Virginia ranks fifth among states having the most big tree specimens, with 57 national champion trees, according to the 2016 American Forests Champion Trees national register.

Virginia gained 12 new champion trees this year, including a pussy willow in Page County, a loblolly pine in Northampton, and a laurel oak in Chesapeake.

Among Virginia’s other champions are a water tupelo in Greensville (the largest of the state’s champion trees), a southern bayberry (the state’s smallest champ), a swamp dogwood in the City of Franklin, and a dwarf hackberry in Alexandria.

Several trees were also delisted this year, including a Chinese privet, a pumpkin ash, and a black cherry.

According to Eric Wiseman, associate professor of urban forestry and arboriculture in the College of Natural Resources and Environment and coordinator of the Virginia Big Tree Program, these trees were delisted because of a change in American Forests’ measurement requirements for trees with “atypical trunk development” such as split trunks or multiple stem trunks.

“A lot of gigantic trees have multiple stemmed trunks or those that fork near the ground line, making them difficult to measure,” he said. “The national cadre, who consult on measurement guidelines, tightened up their requirements and scrutinized these types of trees to make sure they were being judged fairly and equitably across the country.”

With the new measurement guidelines in mind, Wiseman said that he and other program volunteers plan to remeasure and resubmit some multistemmed trees to the register.

The Virginia Big Tree Program, managed by Virginia Tech’s Department of Forest Resources and Environmental Conservation, maintains a register of the largest specimens of over 300 native and non-native tree species in Virginia and works to educate the public about the value of trees and forests.

Volunteers nationwide, referred to as big tree hunters, search for and nominate trees for the Champion Trees national register, which is updated each year.

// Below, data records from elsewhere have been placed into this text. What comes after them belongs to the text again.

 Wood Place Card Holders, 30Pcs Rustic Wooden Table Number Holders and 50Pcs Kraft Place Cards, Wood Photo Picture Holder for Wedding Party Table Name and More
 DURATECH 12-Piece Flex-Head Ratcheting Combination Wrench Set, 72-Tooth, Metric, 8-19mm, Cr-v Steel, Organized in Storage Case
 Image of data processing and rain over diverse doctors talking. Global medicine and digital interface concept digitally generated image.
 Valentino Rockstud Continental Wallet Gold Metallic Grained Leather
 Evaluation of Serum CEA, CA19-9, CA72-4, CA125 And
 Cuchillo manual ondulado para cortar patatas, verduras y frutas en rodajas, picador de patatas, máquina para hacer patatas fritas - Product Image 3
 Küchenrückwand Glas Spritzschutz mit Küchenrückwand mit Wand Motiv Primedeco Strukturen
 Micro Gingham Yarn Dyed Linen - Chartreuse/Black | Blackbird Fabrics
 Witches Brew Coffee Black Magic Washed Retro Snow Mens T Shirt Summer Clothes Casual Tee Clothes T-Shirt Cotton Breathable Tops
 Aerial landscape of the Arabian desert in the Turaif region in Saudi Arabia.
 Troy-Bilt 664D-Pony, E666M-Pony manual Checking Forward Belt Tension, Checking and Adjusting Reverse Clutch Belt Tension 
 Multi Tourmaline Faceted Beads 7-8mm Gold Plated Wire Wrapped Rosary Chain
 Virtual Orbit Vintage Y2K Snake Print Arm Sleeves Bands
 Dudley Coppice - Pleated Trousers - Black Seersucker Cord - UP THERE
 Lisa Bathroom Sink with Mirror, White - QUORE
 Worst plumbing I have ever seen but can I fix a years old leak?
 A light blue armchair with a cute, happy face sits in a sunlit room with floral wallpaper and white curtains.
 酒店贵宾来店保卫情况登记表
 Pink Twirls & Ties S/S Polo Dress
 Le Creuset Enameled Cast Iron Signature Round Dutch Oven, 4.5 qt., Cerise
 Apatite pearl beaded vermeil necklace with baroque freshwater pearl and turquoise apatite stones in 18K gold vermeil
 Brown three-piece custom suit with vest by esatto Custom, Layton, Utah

The register then lists the largest trees in the country for more than 660 species.

In order to be eligible for inclusion on the register, trees must be at least 9-and-a-half inches in circumference and at least 13 feet in height. In addition, only certain species of native and naturalized trees are considered eligible.

A tree’s size is based on a formula that includes trunk diameter (measured 4-and-a-half feet above the ground), height, and the average spread of the crown, or upper branches. From these three measurements, a point value is assigned to each tree, and the trees with the most points are named champions.

According to Wiseman, most champion trees are also veteran trees, often having survived more than 100 years. As a result, there is often frequent turnover on the registry, as older trees die. Some champion trees, however, can grow much more quickly when presented with optimal growing conditions.

Wiseman went on to explain that the mild climate in Virginia provides optimal growing conditions for many species, helping to keep multiple Virginia champions on the register year after year.

“We have a very diverse physiography in Virginia,” he said. “We have major physiographic areas and many diverse ecosystems, so a lot of species can thrive here.”

“Big tree programs like this can really demonstrate to the public what trees can achieve,” Wiseman continued. “Nearly 80 percent of the state population lives in urban areas, so they don’t see trees that are reaching their biological potential. Many trees in urban areas do not live longer than 20 to 25 years due to the harsh growing conditions. When you contrast the biggest sugar maple on the register to the one you see in the local park, it’s easy to develop appreciation for the sheer size trees can achieve in a more natural growing environment.”

If you have a champion tree on your property, Wiseman recommends having a certified arborist examine it to identify any threats or deficiencies early on.

“A lot of things about tree care are a mystery to the average homeowner,"  he said. "Unless you know the science, you don’t know what to be aware of. These are living organisms, and once certain issues have manifested, we have a very limited capability to rehabilitate the trees.”